PROBLEM DETAILS: Write out, with no changes, every line starting at the one that contains "Dilling, Horst Basiswissen" and ending at the last line of the data below. Leave pictures out.

DATA FOR THIS TASK:
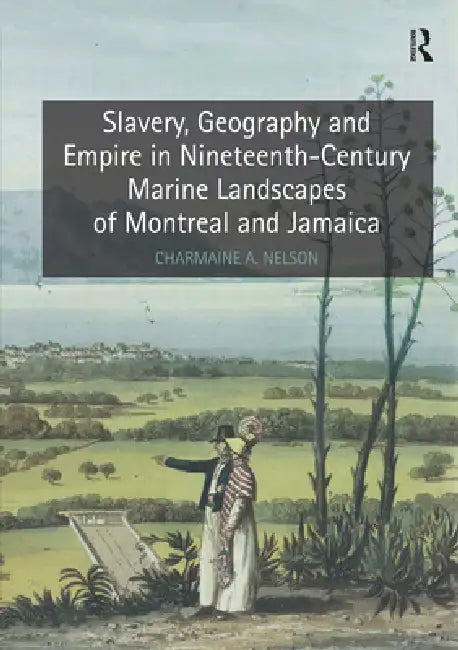 Slavery, Geography and Empire in Nineteenth-Century Marine Landscapes of Montreal and Jamaica by Charmaine a. Nelson
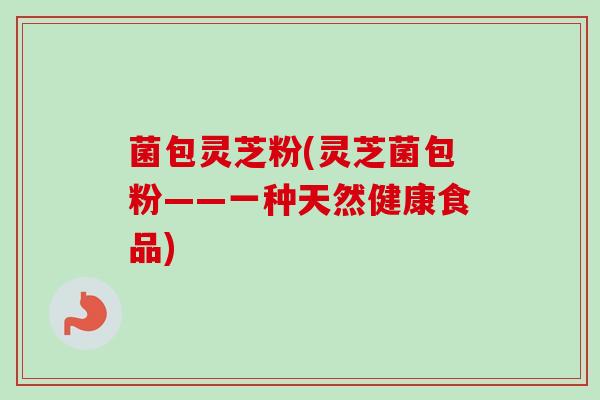 菌包灵芝粉(灵芝菌包粉——一种天然健康食品)-第1张图片-卓越灵芝孢子粉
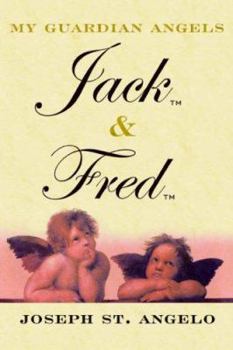 My Guardian Angels Jack & Fred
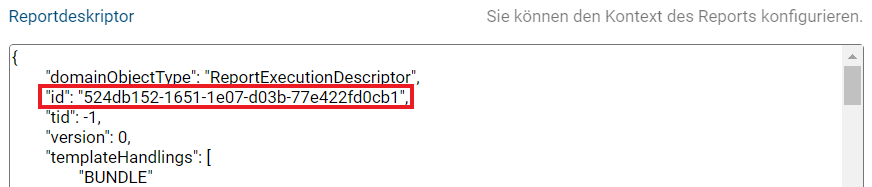 Hier ist der Reportdescriptor mit der report-execution-descriptor-Id abgebildet.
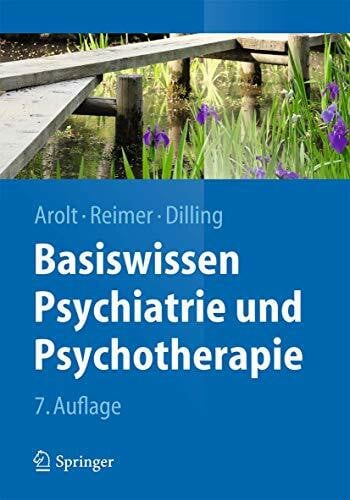 Dilling, Horst Basiswissen Psychiatrie und Psychotherapie (Springer-Lehrbuch)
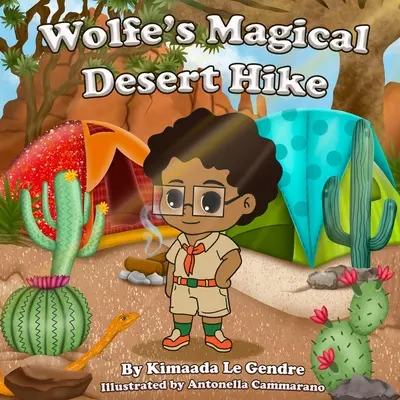 La mágica caminata por el desierto de Wolfe - Wolfe's Magical Desert Hike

ANSWER FOR THIS EXERCISE:
 Dilling, Horst Basiswissen Psychiatrie und Psychotherapie (Springer-Lehrbuch)
 La mágica caminata por el desierto de Wolfe - Wolfe's Magical Desert Hike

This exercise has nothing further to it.